Труп завернули в брезент и продолговатым кулем уложили под забор у гаража. В штабе собрались офицеры. Самоубийство особиста всех напугало, в полное же оцепенение привело то, что особист успел рассказать дежурному. Фалин и замполит погибли.
Произошло это так. На третьем часу езды в штаб шофер заблудился и покатил по дороге с ямами и рытвинами. Фалин забеспокоился, с собой они взяли ящик с гранатами, в штаб, чтоб уж там определили, не самовзрываются ли они.
Ящики открыли, глянули, проверили взрыватели, поехали дальше. Потом особист попросил остановиться, надо, мол, нужду справить. Отошел, сел, машина же отъехала метров на тридцать и остановилась. Как видел особист, начальник курсов опять полез в ящики, во всяком случае, перегнулся и что-то делал на заднем сиденье. И – взрыв. Так рвануло, что особиста отнесло метров на пятьдесят. Подобрали его, контуженного и раненного, солдаты с проезжавшего грузовика, отвезли в свою часть, оттуда в госпиталь, там он отвалялся четыре дня, а потом где машинами, где поездом, ошибаясь направлением, пытался добраться до штаба, но получилось так, что попал на курсы.
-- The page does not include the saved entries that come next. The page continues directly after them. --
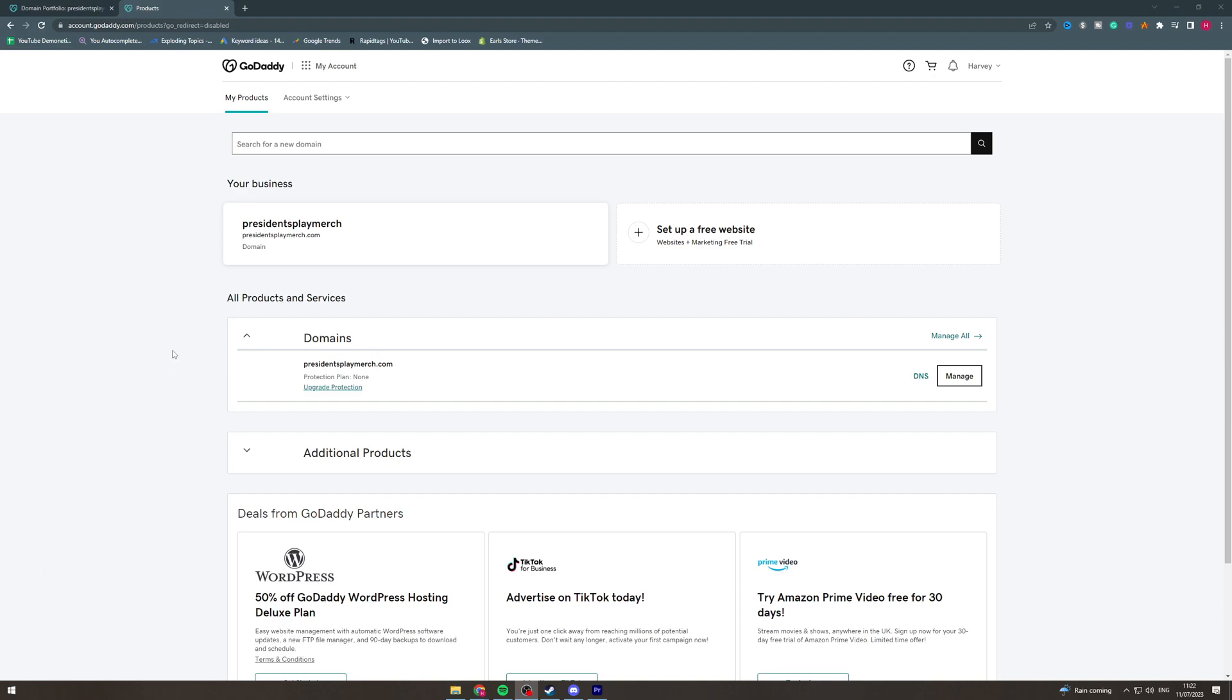In today's video I'm going to teach you how to add a subdomain in GoDaddy. So what you want to do first is make sure you're logged in on GoDaddy, and then you want to come and go to your services.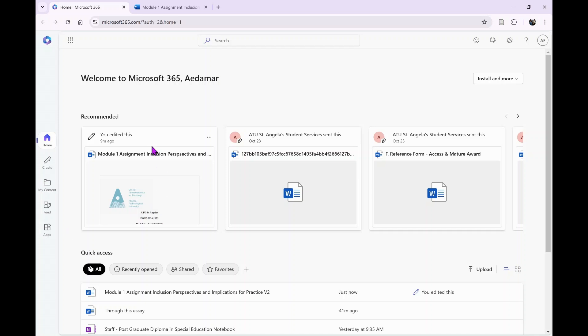I'm going to talk you through using Turnitin Draft Coach. You can use this where a college, institution, or university has subscribed to Turnitin Draft Coach for students.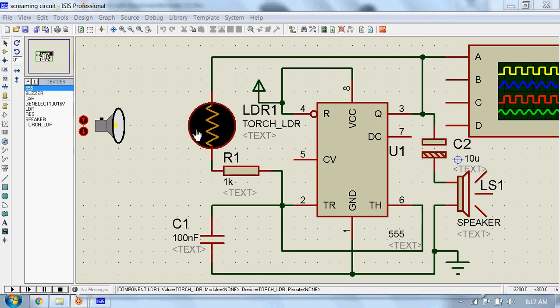We will see a circuit that generates different sounds when exposed to different intensities of light, and we will use a 555 timer IC for that.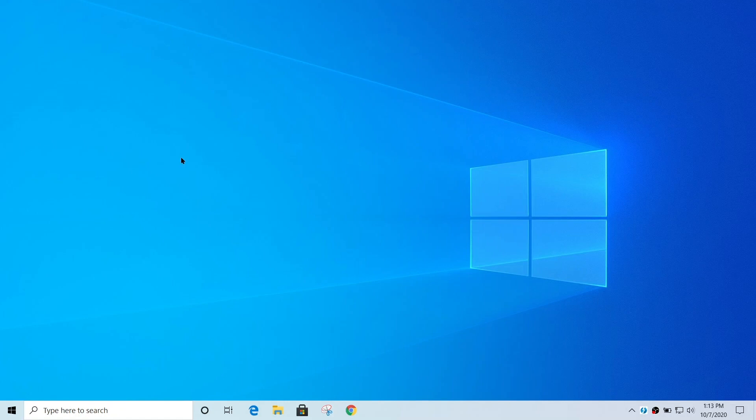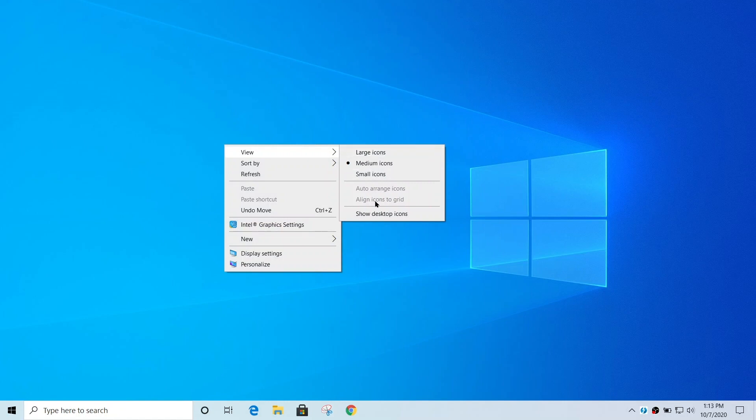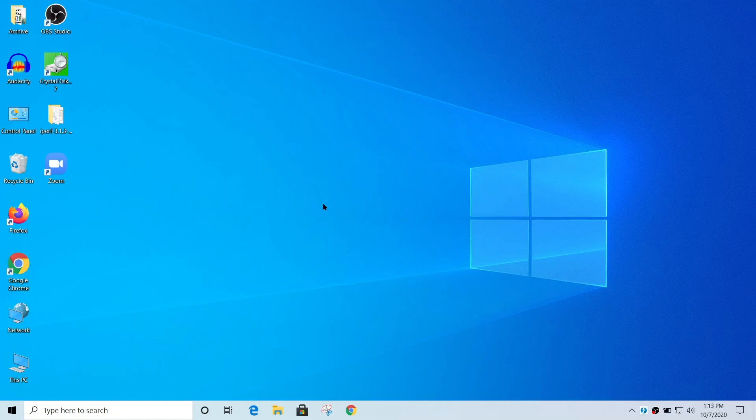They haven't been deleted or gone away. They're just being hid from view. So if I right click and go back to view and click show desktop icons to put the checkmark back, all my desktop icons come back in their original location.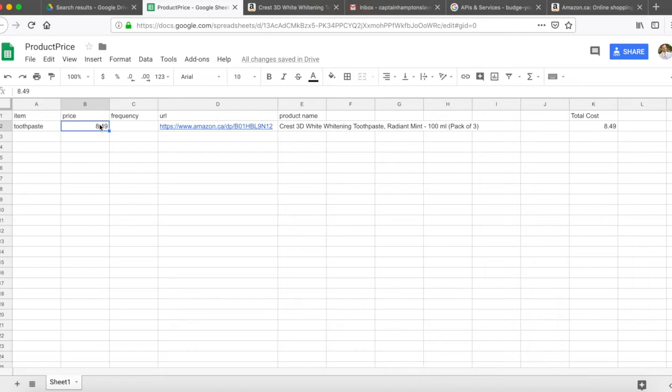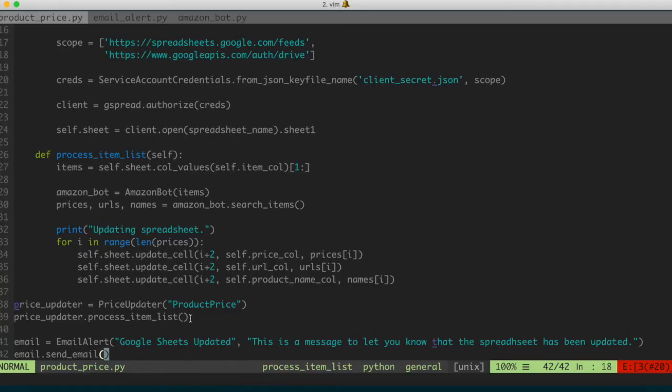You could also update the message that you send in the email. For instance, if you wanted to send a digest of what was updated, the total amount that you saved, the total amount that you would spend, you could definitely do that as well. The message could be adapted so that it contains a little bit more information, as opposed to just an alert.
Офицеры подавлено молчали. Глухая ночь, глухая тишина, за неделю погибло семь человек, не считая самоубийц. Начальник штаба сказал, что вступает в командование курсами – до выяснения обстановки и приказа о назначении. Труп отправить на станцию, на сохранение в леднике, штаб немедленно поставить в известность и ожидать следственной комиссии, от которой никому не поздоровится. Караулы усилить, с сегодняшнего же вечера выставить на караульных вышках часовых с автоматами. Все свидетели самоубийства предупреждены, курсантам о происшедшем – ни слова. То есть сообщить, что ночью на курсы пытался проникнуть немецкий лазутчик («Все тот же мир!» – подумал Андрианов»), но был застрелен. Соблюдать бдительность. Пресекать вредительские разговоры. Выявлять паникеров. Укреплять воинскую дисциплину. Ни на шаг не отступать от уставов и распорядка дня. Повысить политическую грамотность, для чего с утра во всех ротах провести читки последнего приказа наркома товарища Сталина.
Кто-то вдруг предложил: надо наконец-то перейти от слов к делу и вернуть столовой прежний вид, то есть поставить перегородку, снесенную не так давно.
Наступило долгое молчание. Длительность указывала на значительность того, что после такой паузы произносится. Но произнесено ничего не было. Никто не решался связать самоубийство особиста с разрушением перегородки, да и была ли связь?
– Вопросы есть? – спросил начальник штаба.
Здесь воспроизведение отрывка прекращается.